• **Directions for this task**: Repeat the listing below line by line, exactly, leaving its pictures behind.

• **Source material**:
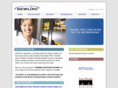 newlinc.com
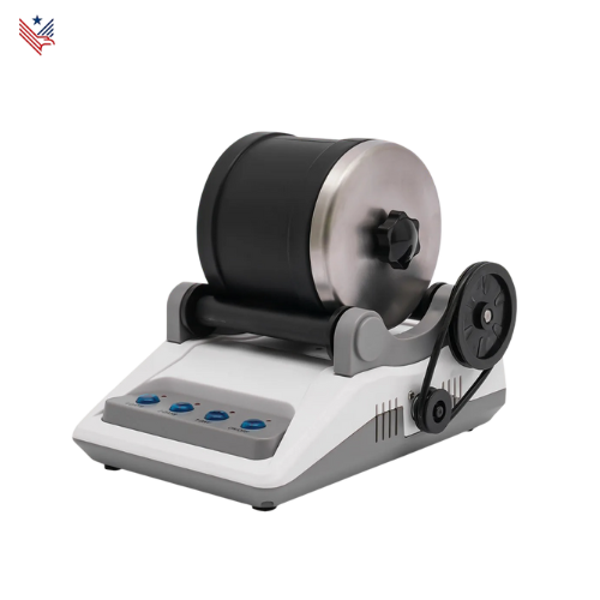 Polijstmachine – Steen Polijstmachine,  DIY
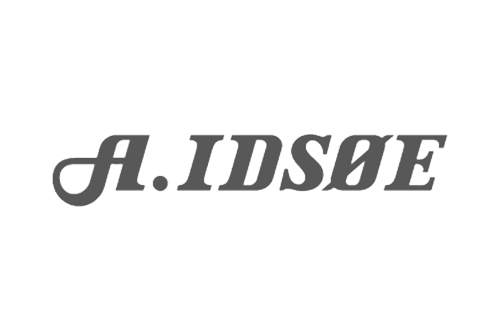 idsoe-logo.png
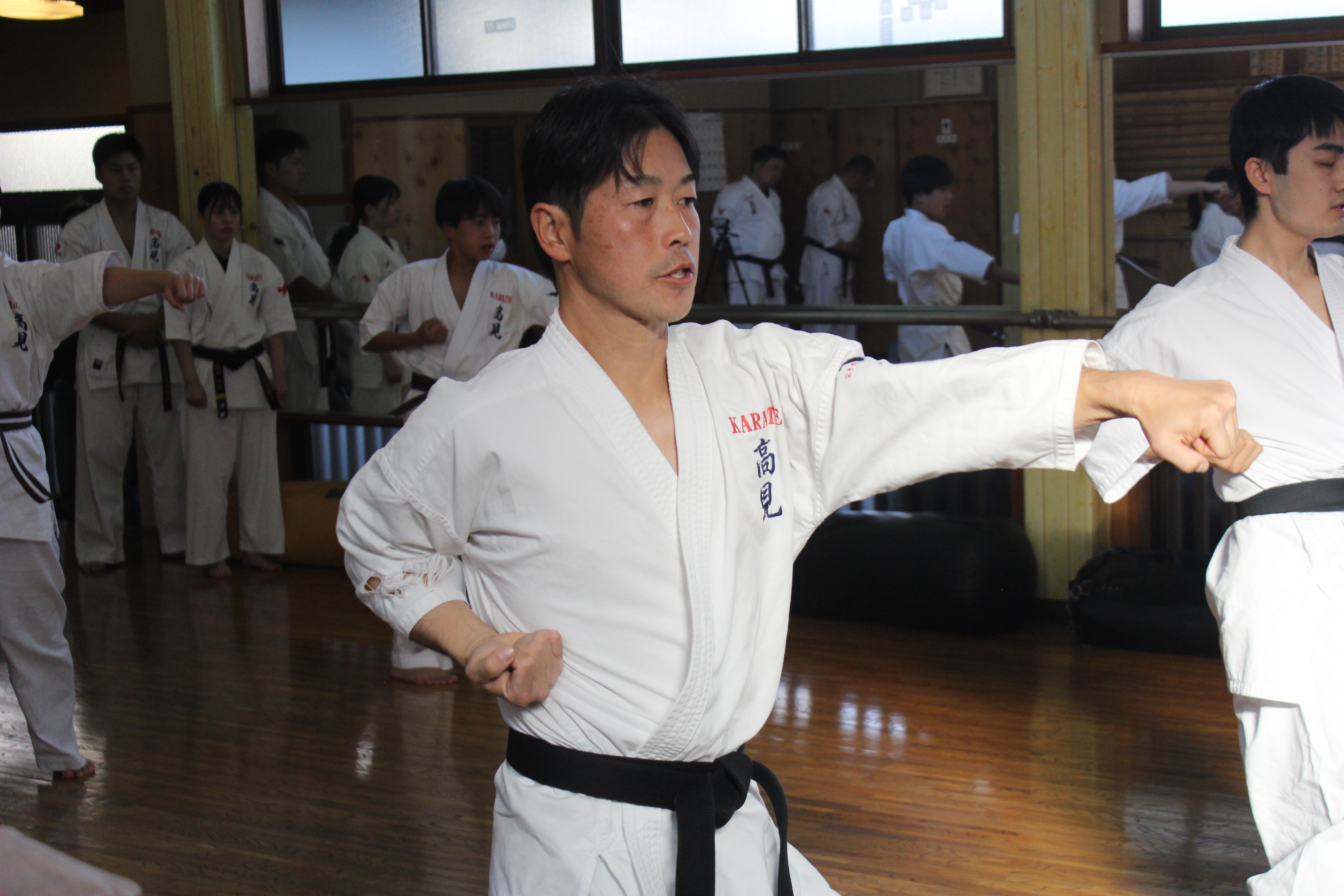 ファイル 1048-1.jpg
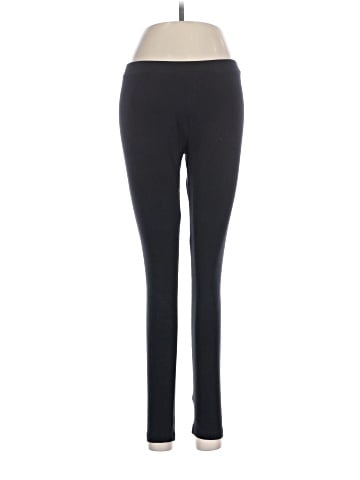 I Heart Ronson Active Pants (view 1)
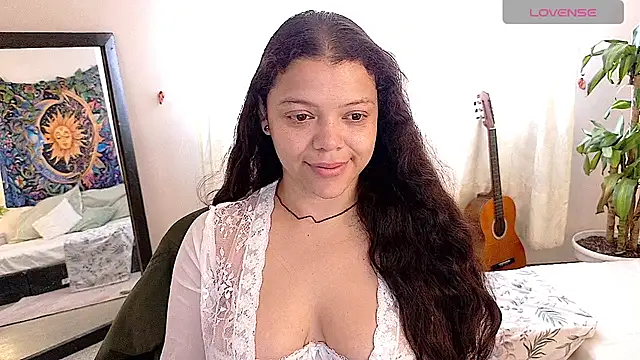 Snapshot of Amanda_sweet chatting on July 2026 01:54:01 PM Amanda sweet online show from July 2026 01:54:01 PM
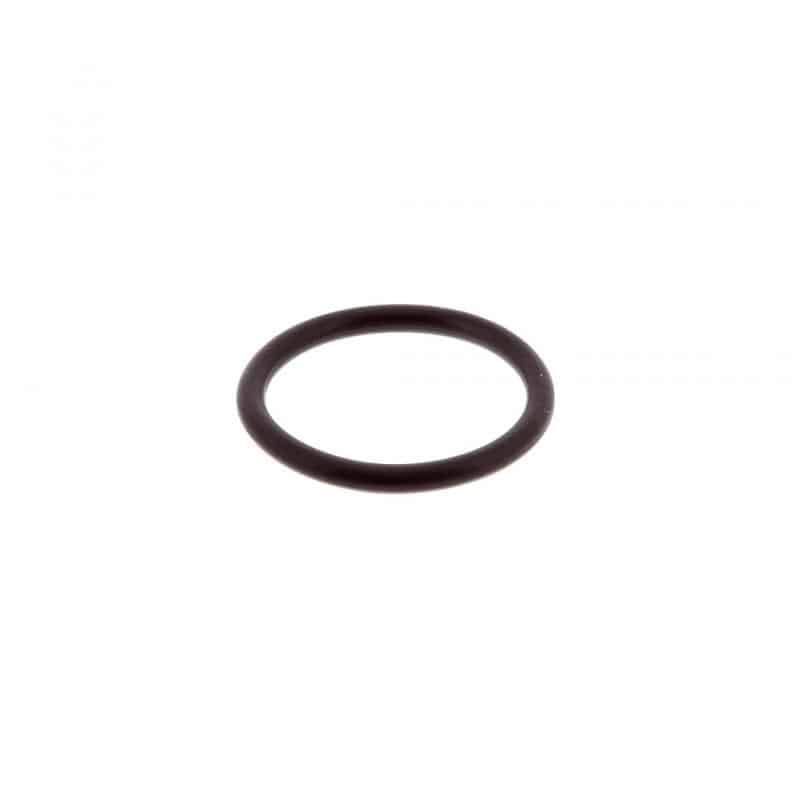 O-RING,PLUG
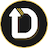 DigiSwap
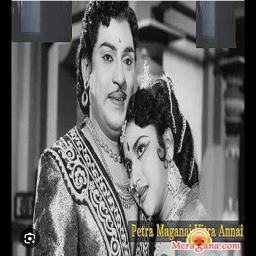 தென்றல் உறங்கிய - Thendral Urangiya SDHQ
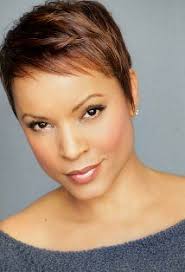 Сандра Проспер (Sandra Prosper): фильмы, биография, семья, фильмография —  Кинопоиск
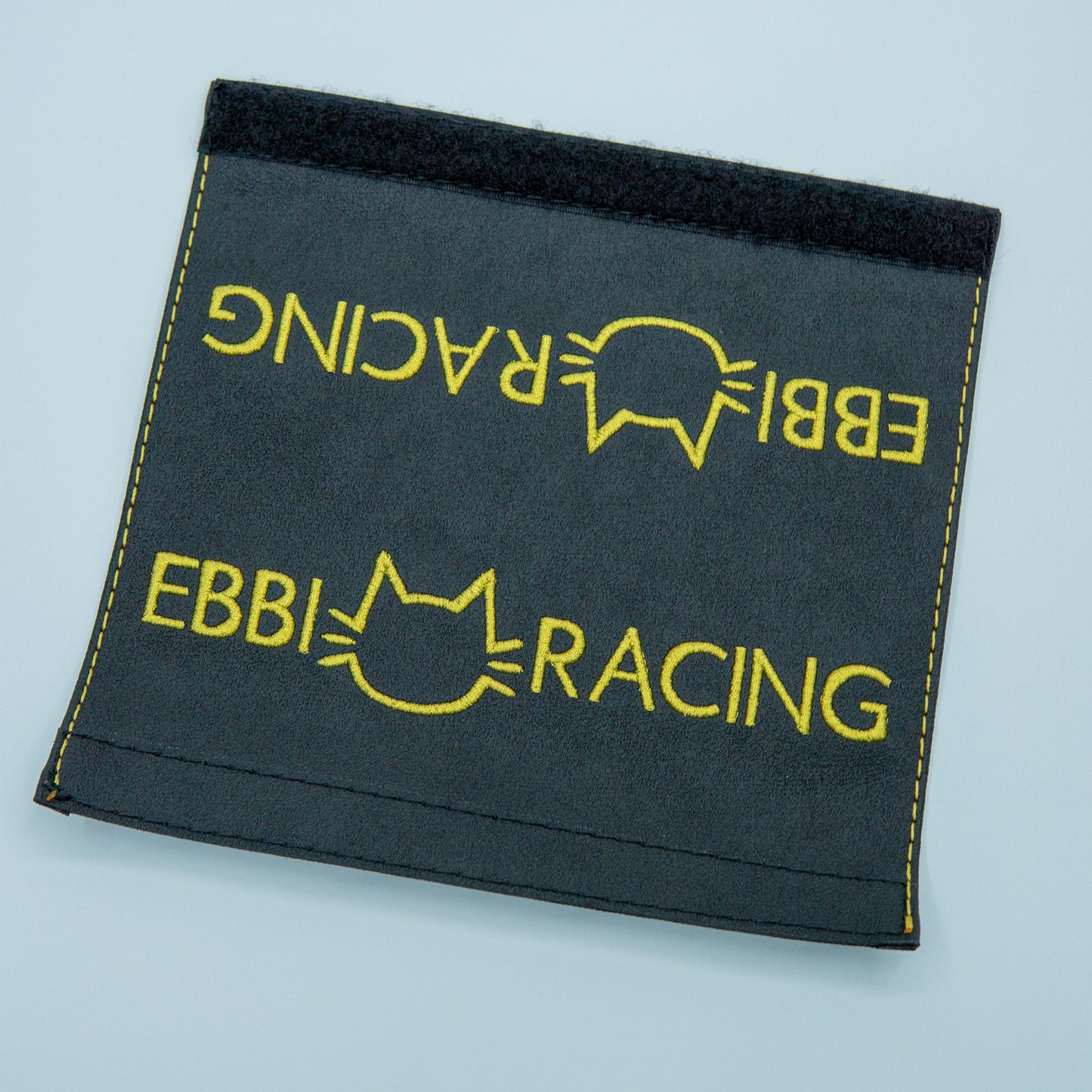 Sale Lenkerpolster „Ebbi Racing“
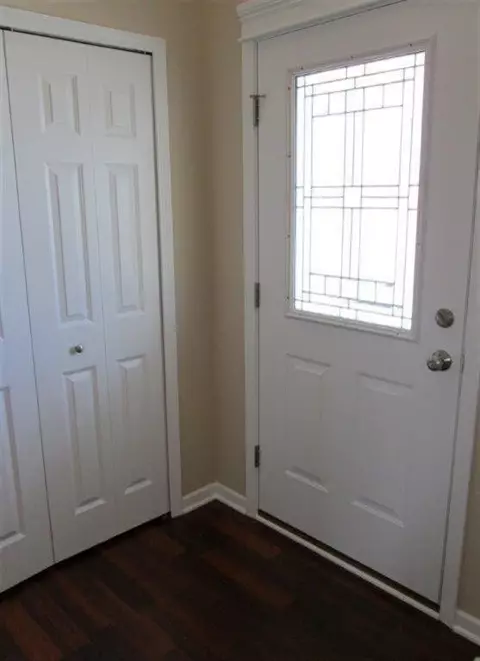 11419 Georgia St, Crown Point, IN 46307 photo 8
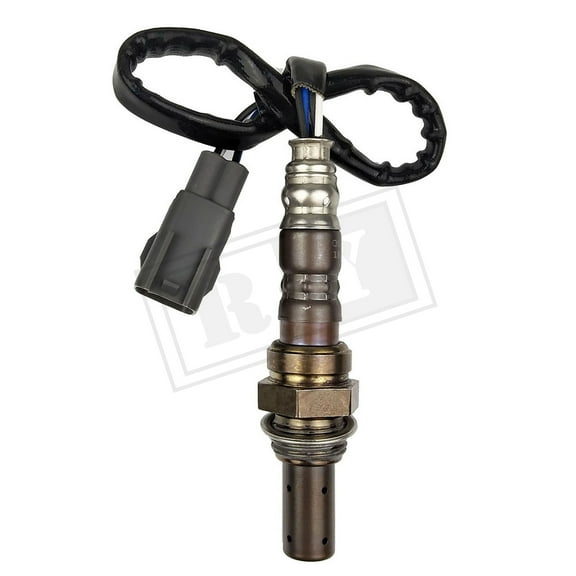 Ruiya For 2001-2003 Toyota Sienna 3.0L Upstream O2 Oxygen Sensor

• **Finished exercise**:
 newlinc.com
 Polijstmachine – Steen Polijstmachine,  DIY
 idsoe-logo.png
 ファイル 1048-1.jpg
 I Heart Ronson Active Pants (view 1)
 Snapshot of Amanda_sweet chatting on July 2026 01:54:01 PM Amanda sweet online show from July 2026 01:54:01 PM
 O-RING,PLUG
 DigiSwap
 தென்றல் உறங்கிய - Thendral Urangiya SDHQ
 Сандра Проспер (Sandra Prosper): фильмы, биография, семья, фильмография —  Кинопоиск
 Sale Lenkerpolster „Ebbi Racing“
 11419 Georgia St, Crown Point, IN 46307 photo 8
 Ruiya For 2001-2003 Toyota Sienna 3.0L Upstream O2 Oxygen Sensor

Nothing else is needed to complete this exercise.